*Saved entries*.
::::::::

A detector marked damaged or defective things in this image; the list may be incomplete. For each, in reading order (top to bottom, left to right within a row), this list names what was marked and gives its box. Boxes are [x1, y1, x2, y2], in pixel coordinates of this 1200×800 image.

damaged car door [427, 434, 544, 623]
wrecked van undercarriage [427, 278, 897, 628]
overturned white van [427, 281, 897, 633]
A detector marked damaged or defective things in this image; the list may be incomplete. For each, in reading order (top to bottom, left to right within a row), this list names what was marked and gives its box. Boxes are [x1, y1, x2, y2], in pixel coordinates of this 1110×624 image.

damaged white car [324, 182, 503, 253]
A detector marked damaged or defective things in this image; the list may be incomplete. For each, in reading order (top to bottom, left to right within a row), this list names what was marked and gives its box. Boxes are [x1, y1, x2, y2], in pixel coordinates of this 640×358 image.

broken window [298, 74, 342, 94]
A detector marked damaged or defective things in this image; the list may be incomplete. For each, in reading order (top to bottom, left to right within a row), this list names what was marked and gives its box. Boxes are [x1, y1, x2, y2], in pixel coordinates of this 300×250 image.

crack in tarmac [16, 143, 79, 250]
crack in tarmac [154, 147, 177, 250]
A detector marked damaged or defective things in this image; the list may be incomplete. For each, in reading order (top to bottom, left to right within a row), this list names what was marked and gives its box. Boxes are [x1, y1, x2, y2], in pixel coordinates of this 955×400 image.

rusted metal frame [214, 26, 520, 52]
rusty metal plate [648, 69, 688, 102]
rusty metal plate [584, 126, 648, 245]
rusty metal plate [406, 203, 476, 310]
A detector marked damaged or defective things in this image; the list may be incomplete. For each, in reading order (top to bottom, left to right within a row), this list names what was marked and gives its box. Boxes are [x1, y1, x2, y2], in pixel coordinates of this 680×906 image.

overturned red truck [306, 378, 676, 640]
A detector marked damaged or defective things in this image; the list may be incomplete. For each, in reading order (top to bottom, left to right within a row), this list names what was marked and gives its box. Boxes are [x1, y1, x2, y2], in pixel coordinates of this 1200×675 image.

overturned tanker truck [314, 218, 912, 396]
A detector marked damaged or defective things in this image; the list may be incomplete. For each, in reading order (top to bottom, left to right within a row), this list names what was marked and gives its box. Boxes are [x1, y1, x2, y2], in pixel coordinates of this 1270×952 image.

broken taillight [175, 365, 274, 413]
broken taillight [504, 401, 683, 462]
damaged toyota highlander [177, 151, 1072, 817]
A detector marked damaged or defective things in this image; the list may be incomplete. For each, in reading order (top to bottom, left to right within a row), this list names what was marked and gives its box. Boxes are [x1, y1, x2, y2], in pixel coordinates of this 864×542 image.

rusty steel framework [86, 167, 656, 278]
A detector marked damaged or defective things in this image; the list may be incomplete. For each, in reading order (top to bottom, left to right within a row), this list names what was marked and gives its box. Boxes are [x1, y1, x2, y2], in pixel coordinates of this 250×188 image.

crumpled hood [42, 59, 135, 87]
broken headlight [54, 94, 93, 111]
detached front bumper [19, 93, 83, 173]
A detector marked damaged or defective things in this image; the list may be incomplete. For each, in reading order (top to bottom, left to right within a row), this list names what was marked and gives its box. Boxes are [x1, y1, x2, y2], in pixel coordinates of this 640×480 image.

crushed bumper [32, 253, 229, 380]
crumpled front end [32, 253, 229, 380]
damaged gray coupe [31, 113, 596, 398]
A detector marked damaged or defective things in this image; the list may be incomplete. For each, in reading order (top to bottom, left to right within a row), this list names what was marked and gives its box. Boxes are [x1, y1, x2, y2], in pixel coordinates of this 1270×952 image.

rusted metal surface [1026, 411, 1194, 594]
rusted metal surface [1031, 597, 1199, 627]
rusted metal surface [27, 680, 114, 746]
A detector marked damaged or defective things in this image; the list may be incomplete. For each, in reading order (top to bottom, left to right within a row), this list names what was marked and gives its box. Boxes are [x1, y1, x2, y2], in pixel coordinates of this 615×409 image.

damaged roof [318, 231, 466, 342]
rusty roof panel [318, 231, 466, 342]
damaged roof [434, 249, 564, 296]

::::::::

*WORK INSTRUCTIONS*.
None of the lines before the one containing "this 615×409 image." belong in the answer; reproduce that line and all later lines of the records exactly.

*RESULT OF THE EXERCISE*.
A detector marked damaged or defective things in this image; the list may be incomplete. For each, in reading order (top to bottom, left to right within a row), this list names what was marked and gives its box. Boxes are [x1, y1, x2, y2], in pixel coordinates of this 615×409 image.

damaged roof [318, 231, 466, 342]
rusty roof panel [318, 231, 466, 342]
damaged roof [434, 249, 564, 296]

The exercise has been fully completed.